Creating value-added halo catalogs through cross-matching¶
All halo catalogs come with an integer ID column providing a unique
identifier of the (sub)halo in the catalog. This tutorial demonstrates
two different examples of how you can use the
crossmatch
function to exploit this column to create
“value-added” versions of your halo catalogs.
In Example 1, we’ll show how to combine information from two partially
overlapping halo catalogs. In Example 2, we’ll show how to create new
columns for a subhalo catalog storing the properties of the host halo,
e.g., host mass \(M_{\rm vir}^{\rm host}\).
For a closely related tutorial, see Cross-matching galaxy and halo catalogs.
Example 1: Combining information from different halo catalogs¶
When analyzing halo catalogs, it’s a common situation for you to have
two different versions of a halo catalog,
one with halo properties that you wish to transfer to the other.
In general, the two versions may only partially overlap,
as different cuts may have have been applied to the catalogs.
We’ll demonstrate this scenario using the FakeSim
halo catalog that is randomly generated on-the-fly, but the
same calculation applies equally well to real halo catalogs,
or generally any structured data table with an object ID.
>>> from halotools.sim_manager import FakeSim
>>> halocat1 = FakeSim()
>>> halo_table1 = halocat1.halo_table
>>> halocat2 = FakeSim()
>>> mask = halocat2.halo_table['halo_mvir'] > 1e11
>>> halo_table2 = halocat2.halo_table[mask]

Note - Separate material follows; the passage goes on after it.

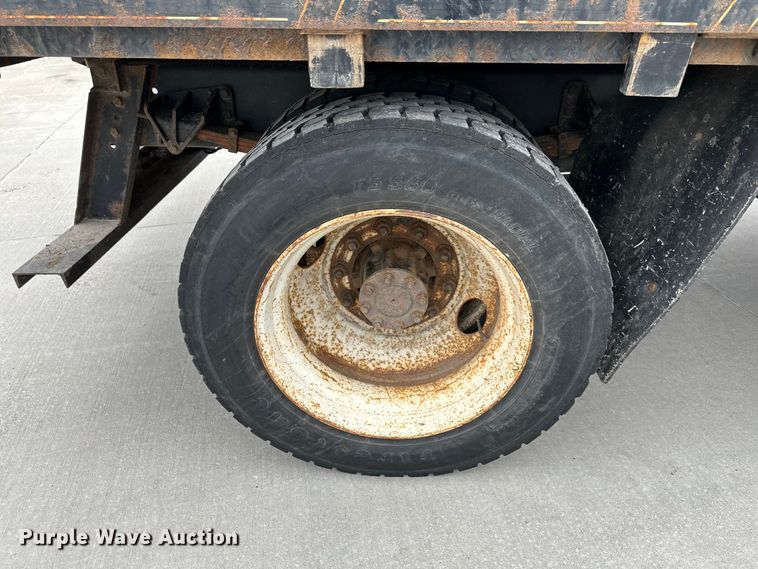 image for item DQ6368 2009 International 4300 dump flatbed truck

Now let’s add some new column information to halo_table2
and use the crossmatch
function to transfer
this information to halo_table1
. This function returns the indices
providing the correspondence between the rows in halo_table1
that have
matches in halo_table2
.
>>> import numpy as np
>>> halo_table2['some_new_column'] = np.random.random(len(halo_table2))

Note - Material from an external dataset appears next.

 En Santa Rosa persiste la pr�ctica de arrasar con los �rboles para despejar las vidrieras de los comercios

The halo catalog column halo_id
is a Long giving a unique identifier
to every halo and subhalo in the halo catalog, so we can use that column
to match one object to the other.
>>> from halotools.utils import crossmatch
>>> halo_table1['transferred_column'] = np.zeros(len(halo_table1), dtype = halo_table2['some_new_column'].dtype)
>>> idx_table1, idx_table2 = crossmatch(halo_table1['halo_id'], halo_table2['halo_id'])

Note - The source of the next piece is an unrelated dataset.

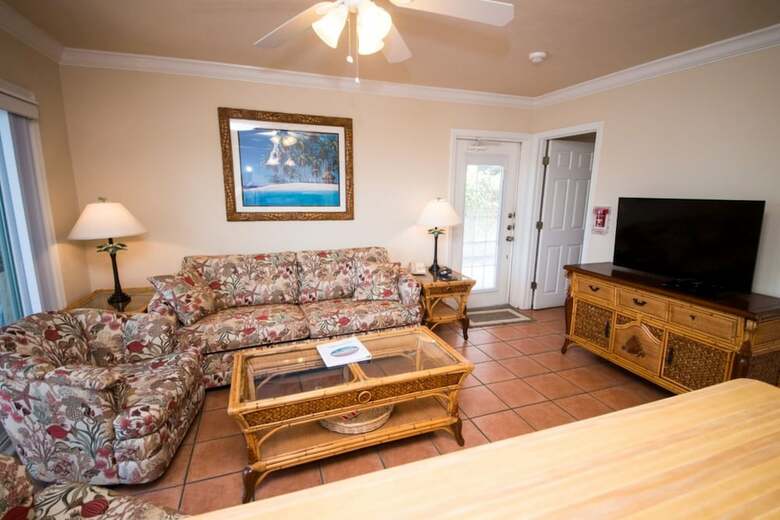 Tortuga Inn Beach Resort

>>> halo_table1['transferred_column'][idx_table1] = halo_table2['some_new_column'][idx_table2]
Now for those objects in halo_table1
that are also in halo_table2
,
the values from the some_new_column
column will be stored in the
transferred_column
; rows without a matching entry will still be set to their
initial value of zero.
Example 2: Transferring host halo properties to their subhalos¶
When analyzing catalogs that include subhalos, one very common kind of calculation
that is done over and over is to group subhalos according to some property of the
host halo, such as host halo mass. Such calculations become easy when there is a
column in your data table storing the associated host halo property,
and in order to create such a column, you need to cross-match the
halo_id
column against the halo_hostid
column.
As described in Rockstar halo and subhalo nomenclature conventions, for the case of subhalos,
the halo_hostid
column points to the halo_id
of the host halo.
So we use the crossmatch
function to add new columns to
the halo catalog such that some property of the host halo is transferred onto
all of its subhalos.
>>> halocat = FakeSim()
>>> t = halocat.halo_table
>>> idx_table1, idx_table2 = crossmatch(t['halo_hostid'], t['halo_id'])
>>> t['host_halo_mvir'] = t['halo_mvir'] # initialize the new column
>>> t['host_halo_mvir'][idx_table1] = t[idx_table2]['halo_mvir']